[MDEV-445] Research MySQL 5.6 Global transaction IDs - Jira

Details

Type: Task
Status: Closed (View Workflow)
Priority: Major
Resolution: Fixed
Fix Version/s: None
Component/s: None
Labels:
None

Description

MySQL global transaction ID.

The feature is optional, needs to be enabled.

When enabled, every event group (aproximately == transaction) gets as the
first event a GTID_LOG_EVENT. This has a 128-bit server uuid and a 64-bit
sequence number, which together constitute a globally unique Gtid.

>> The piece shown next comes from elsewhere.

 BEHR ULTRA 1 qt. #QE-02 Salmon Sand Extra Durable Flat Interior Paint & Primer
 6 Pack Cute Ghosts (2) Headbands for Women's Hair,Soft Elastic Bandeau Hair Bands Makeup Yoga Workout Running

Per documentation, the usage is fairly simple from the user's point of
view. Slave remembers all Gtid's that it has applied, and sends this
information to master (it's compressed so it shouldn't grow unboundedly),
master automatically sends only new events to slave. Slave detects and skips
duplicate event (same Gtid). CHANGE MASTER TO ... MASTER_AUTO_POSITION=1

It is not clear to me if a new Gtid slave can be provisioned without stopping
the master for long periods - I did not find a way to specify a starting point
for CHANGE MASTER TO when using Gtid. Maybe one can provision new slaves by
stopping and copying an existing one.

When using Gtid, no changes to non-transactional tables are allowed! So
basically all replicated tables must be InnoDB (there are other less severe
restrictions also).

On a Gtid-configured slave, --log-slave-updates is mandatory. I think the
slave binlog is used to recover the set of Gtids already applied on the slave.

The code appears surprisingly unfinished, which makes understanding it
harder. It looks like parts of the initial design was dropped (or postponed?)
at a late state during implementation, and the extra code is still
there. Eg. I found many occurances of stuff like this, in
write_one_empty_group_to_cache():

/*
Apparently this code is not being called. We need to
investigate if this is a bug or this code is not
necessary. /Alfranio
*/
DBUG_ASSERT(0); /NOTREACHED/

See below for some more random examples.

The code maintains a lot of in-memory data structures containing Gtid and
other stuff. I'm still working on understanding what this is used for (and how
much of it is used).

It seems to me that the design is heabily influenced by the requirements of
the MySQL parallel slave feature.

There are a lot of new concepts refered to all over the code - it will be
necessary to first understand what they mean before the code can be grasped.
So I'm making a list of them.

Concepts:

Gtid: a pair of (SID, GNO) - globally unique identifier of a binlog group
(ie. transaction).

SID: Server UUID - 128 bit.

GNO: Group number - 64 bit. This is monotonically increasing. I think it is a
requirement that there be no holes in the sequence - slave will remember
forever any GNO not yet received waiting for it to arrive.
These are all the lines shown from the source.